Anyway, I’m back in the stay at home gig from next week, because the temping gig that was supposed to take nine months is actually stopping at six weeks. I’m not at all sorry to be leaving the job, which sucked, but somehow we will still have that inconvenient matter of the rent. Personally, I’m the sort of mother who likes to keep her kid housed and fed, who wants to be able to send them on school camp and provide them with shoes that fit, and know that she’s with her partner because he’s right for her, not because she’s stuck.
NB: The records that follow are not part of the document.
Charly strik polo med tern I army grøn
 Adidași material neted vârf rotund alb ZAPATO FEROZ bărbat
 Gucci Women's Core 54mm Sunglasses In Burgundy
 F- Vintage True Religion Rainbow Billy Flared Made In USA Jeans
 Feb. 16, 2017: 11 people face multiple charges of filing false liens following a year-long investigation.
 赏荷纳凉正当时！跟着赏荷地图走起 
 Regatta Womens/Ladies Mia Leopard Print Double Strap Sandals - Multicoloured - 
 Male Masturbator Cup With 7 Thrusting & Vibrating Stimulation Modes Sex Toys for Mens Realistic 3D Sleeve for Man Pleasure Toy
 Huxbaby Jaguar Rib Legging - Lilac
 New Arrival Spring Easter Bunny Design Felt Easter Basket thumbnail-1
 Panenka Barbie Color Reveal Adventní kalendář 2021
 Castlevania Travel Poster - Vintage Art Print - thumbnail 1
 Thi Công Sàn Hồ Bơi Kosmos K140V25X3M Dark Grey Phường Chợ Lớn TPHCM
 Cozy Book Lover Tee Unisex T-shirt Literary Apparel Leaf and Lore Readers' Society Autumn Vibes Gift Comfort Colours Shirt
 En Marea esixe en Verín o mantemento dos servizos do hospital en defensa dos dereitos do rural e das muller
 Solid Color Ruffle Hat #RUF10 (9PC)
I think that asking what women want is only part of the discussion. We must also look at what they are forced to want There is social pressure to earn and be ‘productive’ generating income in the traditional economic sense .There is 60s wave feminist pressure to use your brain, not depend on some man and not just ’stay home’. Oddly enough we have created economic systems that do not permit women to want to take care of the children and we have permitted men to define this role as laziness, akin to ‘not working’, unproductive, selfish and indulgent. If women’s rights mean anything they should insist on changing the tenor of the discussion so that role in the home is valued as vital work not ’staying home’, is seen for the 1/3 of the GDP it provides anchoring the economy with healthy citizens. And surely we must talk not just from the daycare lobby angle that we must fund daycare for women who have ‘no choice but to work’We must look at women who have no choice but to be home, those with handicapped kids, rural moms, parents of multiples, parents one of whom is away so much or both of whom have such odd paid work hours that it really is impractical to just think a 9 to 5 daycare is a solution. We must look at choice in the broadest sense and it is not just about saying it is a ‘luxury’to ’stay home’ . It is very hard, seflless, thankless work to do the care role at home and we don’t have to heap insults on it too. We should get governments to value all roles for women, paid or unpaid and stop with the subtle bias against mothers whose work is unpaid.
beverley smith – i LOVE your comment. I completely agree. I have written about many of these elements in the past here but you’re so right in highlighting them for this particular discussion.
For anyone who wants more of this: The Price of Motherhood by Anne Crittenden.